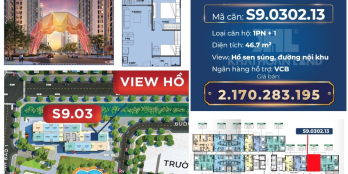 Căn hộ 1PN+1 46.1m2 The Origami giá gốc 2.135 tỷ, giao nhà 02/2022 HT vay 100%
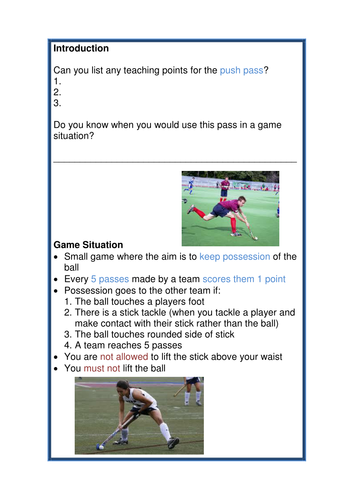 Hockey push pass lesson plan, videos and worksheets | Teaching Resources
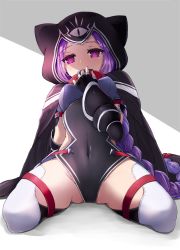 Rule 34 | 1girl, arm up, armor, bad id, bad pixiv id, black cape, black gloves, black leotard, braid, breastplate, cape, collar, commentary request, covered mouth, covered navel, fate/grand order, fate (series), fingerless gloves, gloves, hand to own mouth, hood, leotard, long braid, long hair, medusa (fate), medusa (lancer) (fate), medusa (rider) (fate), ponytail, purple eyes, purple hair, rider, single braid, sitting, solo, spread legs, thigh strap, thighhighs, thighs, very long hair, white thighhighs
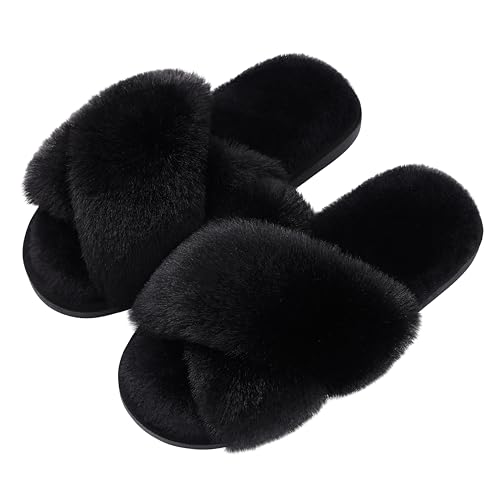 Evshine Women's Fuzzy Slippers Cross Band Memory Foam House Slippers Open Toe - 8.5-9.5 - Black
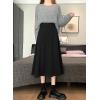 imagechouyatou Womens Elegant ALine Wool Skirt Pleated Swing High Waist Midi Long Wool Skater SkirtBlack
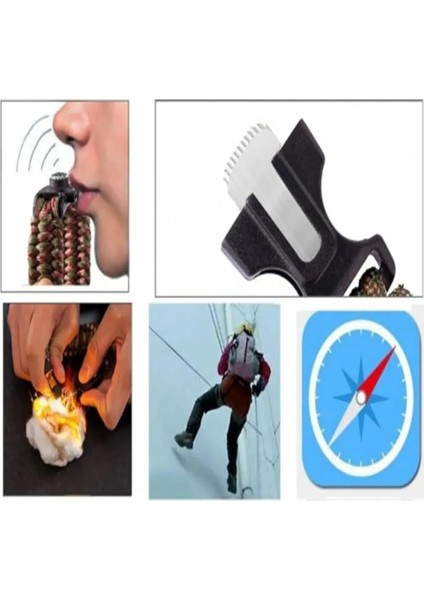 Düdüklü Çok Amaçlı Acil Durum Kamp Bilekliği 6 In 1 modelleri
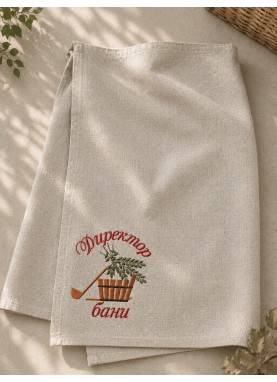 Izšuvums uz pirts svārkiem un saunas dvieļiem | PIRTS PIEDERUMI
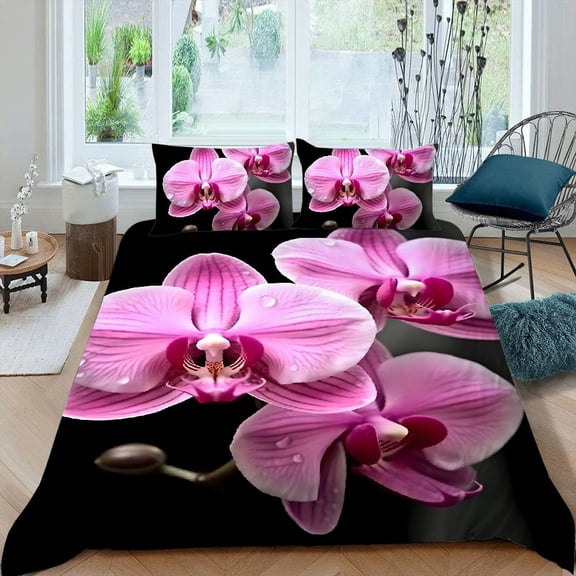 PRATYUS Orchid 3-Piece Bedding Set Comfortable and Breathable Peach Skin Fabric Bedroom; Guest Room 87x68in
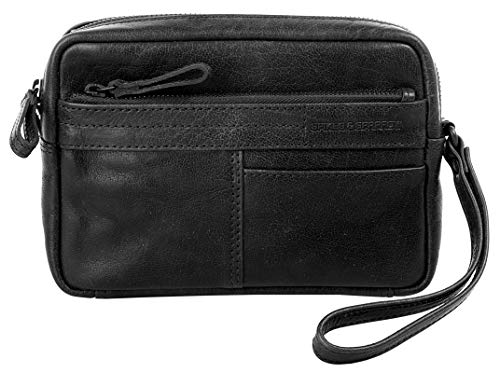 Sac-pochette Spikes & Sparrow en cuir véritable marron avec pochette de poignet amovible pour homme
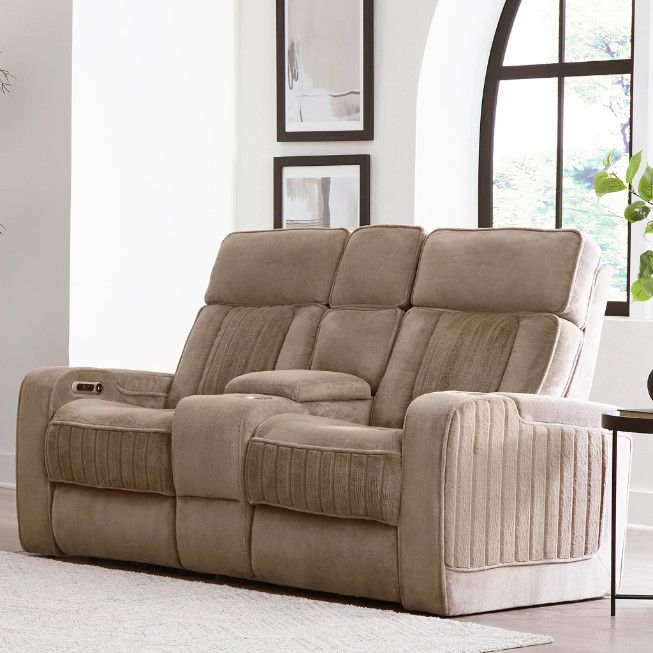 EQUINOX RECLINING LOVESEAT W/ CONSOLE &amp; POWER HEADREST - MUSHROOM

Directions:
Write out nothing but the lines from the one with "Rule 34 | 1girl, arm" through the last line of the entries, exactly as they stand; pictures are not part of the copy.

Solution to this task:
 Rule 34 | 1girl, arm up, armor, bad id, bad pixiv id, black cape, black gloves, black leotard, braid, breastplate, cape, collar, commentary request, covered mouth, covered navel, fate/grand order, fate (series), fingerless gloves, gloves, hand to own mouth, hood, leotard, long braid, long hair, medusa (fate), medusa (lancer) (fate), medusa (rider) (fate), ponytail, purple eyes, purple hair, rider, single braid, sitting, solo, spread legs, thigh strap, thighhighs, thighs, very long hair, white thighhighs
 Evshine Women's Fuzzy Slippers Cross Band Memory Foam House Slippers Open Toe - 8.5-9.5 - Black
 imagechouyatou Womens Elegant ALine Wool Skirt Pleated Swing High Waist Midi Long Wool Skater SkirtBlack
 Düdüklü Çok Amaçlı Acil Durum Kamp Bilekliği 6 In 1 modelleri
 Izšuvums uz pirts svārkiem un saunas dvieļiem | PIRTS PIEDERUMI
 PRATYUS Orchid 3-Piece Bedding Set Comfortable and Breathable Peach Skin Fabric Bedroom; Guest Room 87x68in
 Sac-pochette Spikes & Sparrow en cuir véritable marron avec pochette de poignet amovible pour homme
 EQUINOX RECLINING LOVESEAT W/ CONSOLE &amp; POWER HEADREST - MUSHROOM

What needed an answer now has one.